Leitsatz (amtlich)

1. Im Hinblick auf den in den Landtag eingebrachten Gesetzentwurf zur Auflösung des Bayerischen Obersten LG bestehen derzeit keine durchgreifenden Bedenken dagegen, dass an Beschlüssen in Verfahren der Freiwilligen Gerichtsbarkeit ein abgeordneter Richter am OLG mitwirkt.

2. Ordnungsmäßiger Verwaltung kann es auch entsprechen, wenn die Wohnungseigentümer zunächst lediglich einen Grundsatzbeschluss über die Art der Sanierung des gemeinschaftlichen Eigentums fassen und die Umsetzung weiterer Beschlussfassung vorbehalten. Kommen im Rahmen ordnungsmäßiger Verwaltung mehrere Möglichkeiten in Betracht, besteht ein Auswahlermessen. Das setzt aber voraus, dass den Wohnungseigentümern die wesentlichen Entscheidungsgrundlagen unterbreitet werden.

 

Verfahrensgang

LG München I (Beschluss vom 27.01.2004; Aktenzeichen 1 T 12530/03)
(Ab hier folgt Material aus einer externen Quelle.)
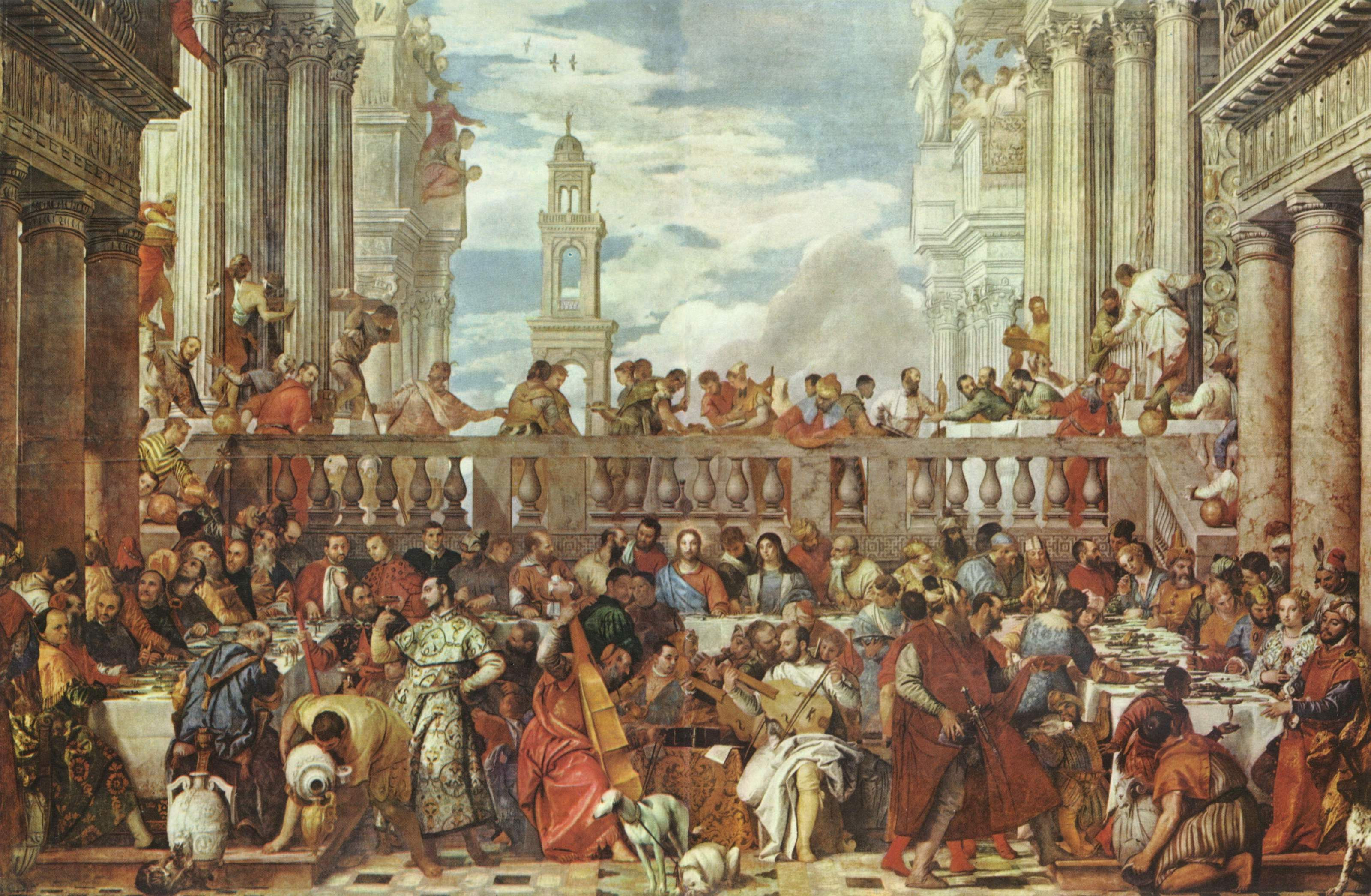 Die Hochzeit Zu Kana
 Paolo Veronese Hochzeit zu Kana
AG München (Beschluss vom 04.06.2003; Aktenzeichen 482 UR II 434/02)

 

Tenor

I. Auf die sofortige weitere Beschwerde des Antragstellers werden der Beschluss des LG München I vom 27.1.2004 und der Beschluss des AG München vom 4.6.2003 aufgehoben.

II. Der am 22.3.2002 unter Tagesordnungspunkt 4a) gefasste Eigentümerbeschluss wird für ungültig erklärt.

III. Die Antragsgegner tragen als Gesamtschuldner die Gerichtskosten sämtlicher Rechtszüge. Außergerichtliche Kosten sind in keinem Rechtszug zu erstatten.

IV. Der Geschäftswert für das Rechtsbeschwerdeverfahren wird auf 21.000 Euro festgesetzt.

 

Gründe

I. Der Antragsteller und die Antragsgegner sind die Wohnungseigentümer einer aus zwei Baukörpern bestehenden Wohnanlage, die von der weiteren Beteiligten verwaltet wird.

Die Fassaden der Gebäude, die 1977 errichtet wurden, sind mit Asbestzementplatten (sog. Eternitplatten) verkleidet. In der Eigentümerversammlung vom 22.3.2002 wurde unter Tagesordnungspunkt 4a) mehrheitlich folgender Beschluss gefasst:

Antrag auf Beschlussfassung über Reinigen und Streichen der Fassadenflächen - Kosten lt. Angebot der Firma Sch. 20.747,77 Euro.

Vor Wiedergabe des Abstimmungsergebnisses heißt es in dem Protokoll:

Herr R. (Vertreter der Hausverwaltung) erklärte, dass vor Auftragsvergabe weitere Angebote von behördlich autorisierten Fachfirmen eingeholt werden. Die Oberflächen werden mit Wasser gereinigt, das Wasser wird aufgefangen und vorschriftsmäßig entsorgt.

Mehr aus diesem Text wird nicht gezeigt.